From my personal experience, I believe the primary and secondary schools of Prince George’s County are operated by the dysfunctional and corrupt P.G. County Board of Education. My entire experience at P.G. County primary and secondary public schools has been unpleasant, dreadful, and fearful. The first day I entered kindergarten, I sensed bad karma. The majority of the people were malicious and rude.
During my years of middle school, I received harsh threats and unwelcoming gestures from students and faculty. In one case, without any reason, a gang of students blocked my locker and cursed at me. One kid grasped my arm and looked as if he was about to pummel me into the ground. In any case, I managed to survive. In another case, I witnessed a few students purposely throwing basketballs at a kid in the gymnasium. In all cases the faculty ignored the students’ malicious activity; I was shocked.
The first day at my high school, ERHS, known as the “School of Excellence,” was the day I thought “Wow, for the first time in my life I will be attending a school that would give me the opportunity to experience ‘real’ education.” Of course, it was impossible to test that assumption on the first day of school, but the praise from the journalists and the public, gave me the impression that this public high-school was a prestigious school that guided their students through an exceptional education.
The real truth was that the school’s reputation that most of us knew as the “school of excellence” was from a legacy that expired years earlier in the 20th century.

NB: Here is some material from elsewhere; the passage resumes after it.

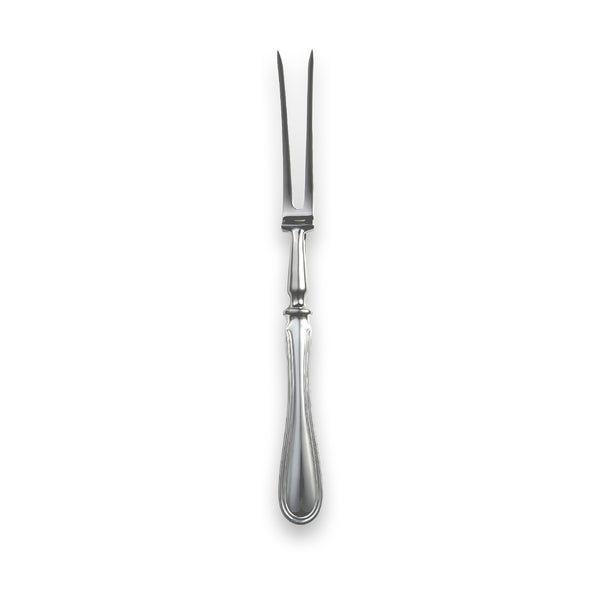 English Thread Carving Set - Carrs Silver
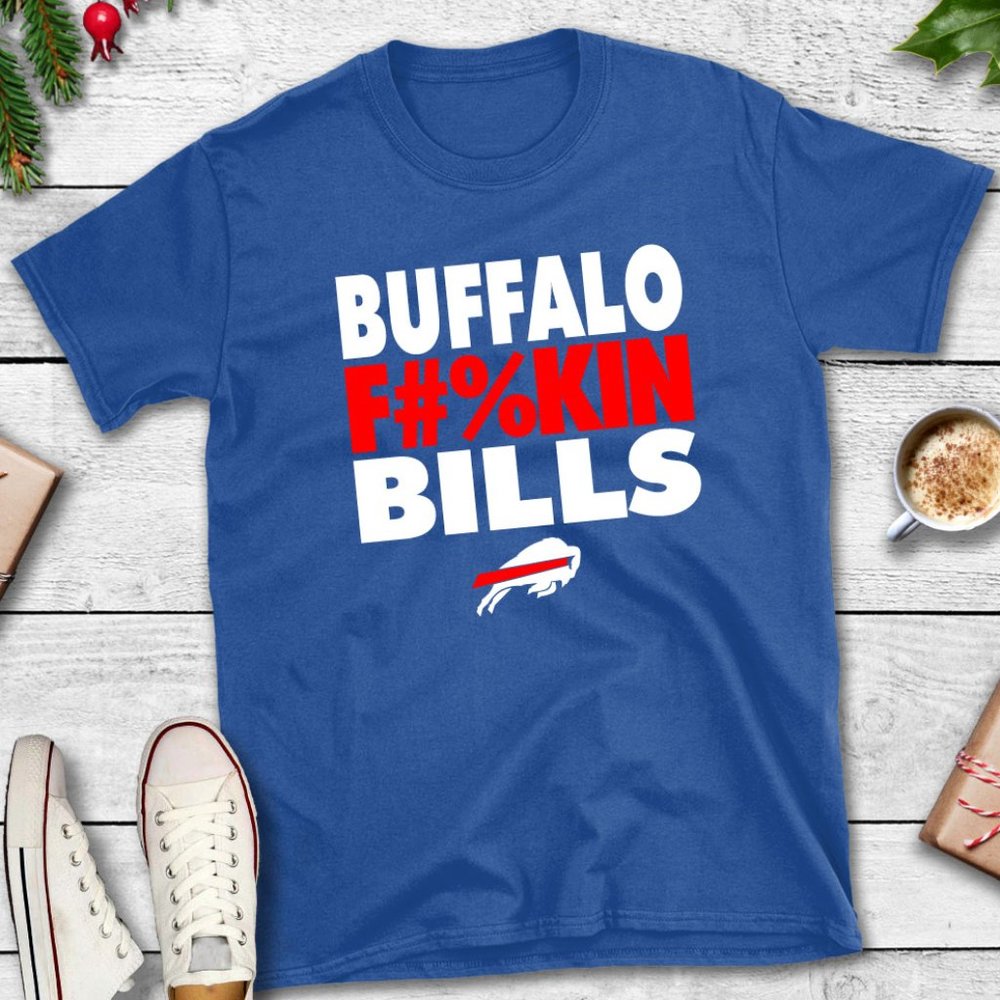 Buffalo Bills 4XL 5XL 6XL Shirts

When I was going deaf, I requested a change of my Spanish teacher who would continually mock me by saying, “Why can’t you say it the way I say it?” With such mistreatment I was shocked to witness a lack of consideration or compassion. Instead, I experienced extreme reprisal for reporting misguidance of the counselors and many of the faculty members who were trying to hide the truth about their lack of concern for many students.
According to the Gazette, ERHS “guidance counselor Dr. William Coon said the school handled some scheduling conflicts because students weren’t satisfied with their course loads.” On the contrary, from 2002 through 2006 at ERHS, there were problems and errors every year in my schedules, because the administrators made careless mistakes. I was not alone. Many of my fellow classmates had mistakes in their schedules with courses that were never requested, schedules overlapping extra courses, schedules with too few courses, etc. It was apparent that this public high school enjoyed playing the “blame game” by accusing the students and their parents of being irresponsible or apathetic. In reality, my entire pre-college public school experience was unnecessarily miserable because the teachers and administrators worried more about their jobs, than educating, due to the disingenuous philosophy that is still endemic to the Prince George’s County Public Schools system.